[Extracted records]

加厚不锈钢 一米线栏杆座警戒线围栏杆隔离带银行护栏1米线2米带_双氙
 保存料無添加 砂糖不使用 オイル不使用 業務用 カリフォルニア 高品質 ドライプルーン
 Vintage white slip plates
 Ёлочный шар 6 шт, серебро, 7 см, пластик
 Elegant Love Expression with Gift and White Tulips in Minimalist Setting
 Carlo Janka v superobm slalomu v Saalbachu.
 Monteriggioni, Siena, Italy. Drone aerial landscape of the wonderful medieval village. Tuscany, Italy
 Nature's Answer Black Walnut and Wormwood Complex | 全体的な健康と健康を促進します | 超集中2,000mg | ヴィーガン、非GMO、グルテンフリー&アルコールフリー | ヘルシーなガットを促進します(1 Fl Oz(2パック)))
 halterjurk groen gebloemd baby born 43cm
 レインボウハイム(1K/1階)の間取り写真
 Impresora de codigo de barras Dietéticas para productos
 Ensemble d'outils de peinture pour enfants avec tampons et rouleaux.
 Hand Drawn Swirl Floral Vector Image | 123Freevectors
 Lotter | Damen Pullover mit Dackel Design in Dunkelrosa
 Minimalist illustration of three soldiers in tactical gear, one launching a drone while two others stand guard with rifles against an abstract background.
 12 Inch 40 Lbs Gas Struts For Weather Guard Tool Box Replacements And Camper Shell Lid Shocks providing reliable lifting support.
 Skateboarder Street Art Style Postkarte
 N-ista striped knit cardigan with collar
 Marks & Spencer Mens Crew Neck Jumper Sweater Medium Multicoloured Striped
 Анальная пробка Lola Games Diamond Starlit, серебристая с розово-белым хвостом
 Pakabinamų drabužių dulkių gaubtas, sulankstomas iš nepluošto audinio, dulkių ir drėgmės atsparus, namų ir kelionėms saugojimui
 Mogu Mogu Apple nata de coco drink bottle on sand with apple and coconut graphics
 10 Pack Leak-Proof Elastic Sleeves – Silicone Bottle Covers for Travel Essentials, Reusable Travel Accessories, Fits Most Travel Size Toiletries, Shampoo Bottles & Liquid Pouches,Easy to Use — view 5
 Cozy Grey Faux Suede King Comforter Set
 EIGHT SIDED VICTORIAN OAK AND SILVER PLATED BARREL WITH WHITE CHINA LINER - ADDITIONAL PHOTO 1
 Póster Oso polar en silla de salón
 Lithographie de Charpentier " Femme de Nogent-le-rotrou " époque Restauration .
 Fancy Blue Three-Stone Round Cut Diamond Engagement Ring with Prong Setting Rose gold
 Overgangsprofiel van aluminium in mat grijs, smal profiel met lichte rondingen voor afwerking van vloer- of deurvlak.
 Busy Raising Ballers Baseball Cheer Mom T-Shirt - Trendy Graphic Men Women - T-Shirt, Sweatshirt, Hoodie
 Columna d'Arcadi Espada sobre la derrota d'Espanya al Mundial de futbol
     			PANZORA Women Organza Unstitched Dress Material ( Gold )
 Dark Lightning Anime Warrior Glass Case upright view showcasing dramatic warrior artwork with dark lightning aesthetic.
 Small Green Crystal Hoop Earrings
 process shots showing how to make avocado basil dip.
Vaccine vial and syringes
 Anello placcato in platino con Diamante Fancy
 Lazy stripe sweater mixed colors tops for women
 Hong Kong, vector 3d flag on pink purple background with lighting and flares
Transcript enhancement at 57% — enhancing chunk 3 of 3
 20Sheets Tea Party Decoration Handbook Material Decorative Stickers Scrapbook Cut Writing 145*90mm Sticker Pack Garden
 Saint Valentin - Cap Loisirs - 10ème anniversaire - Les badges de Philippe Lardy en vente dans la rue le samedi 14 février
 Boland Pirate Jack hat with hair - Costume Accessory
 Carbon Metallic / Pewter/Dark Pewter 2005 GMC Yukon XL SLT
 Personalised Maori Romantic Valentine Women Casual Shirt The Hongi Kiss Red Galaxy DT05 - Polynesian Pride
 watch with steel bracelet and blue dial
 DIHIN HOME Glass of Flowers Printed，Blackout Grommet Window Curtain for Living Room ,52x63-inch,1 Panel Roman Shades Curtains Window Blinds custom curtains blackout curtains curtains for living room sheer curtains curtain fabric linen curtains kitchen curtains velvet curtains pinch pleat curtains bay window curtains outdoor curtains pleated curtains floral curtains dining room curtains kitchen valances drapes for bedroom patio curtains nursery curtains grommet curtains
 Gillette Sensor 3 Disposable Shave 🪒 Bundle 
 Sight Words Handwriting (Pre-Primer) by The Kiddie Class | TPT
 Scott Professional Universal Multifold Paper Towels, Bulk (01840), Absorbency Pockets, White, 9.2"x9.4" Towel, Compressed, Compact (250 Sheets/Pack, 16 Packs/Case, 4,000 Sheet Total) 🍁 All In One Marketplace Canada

Task to carry out:
Reproduce only those lines of the entries above that run from the line with "Sight Words Handwriting" to the final line.

Exercise response:
 Sight Words Handwriting (Pre-Primer) by The Kiddie Class | TPT
 Scott Professional Universal Multifold Paper Towels, Bulk (01840), Absorbency Pockets, White, 9.2"x9.4" Towel, Compressed, Compact (250 Sheets/Pack, 16 Packs/Case, 4,000 Sheet Total) 🍁 All In One Marketplace Canada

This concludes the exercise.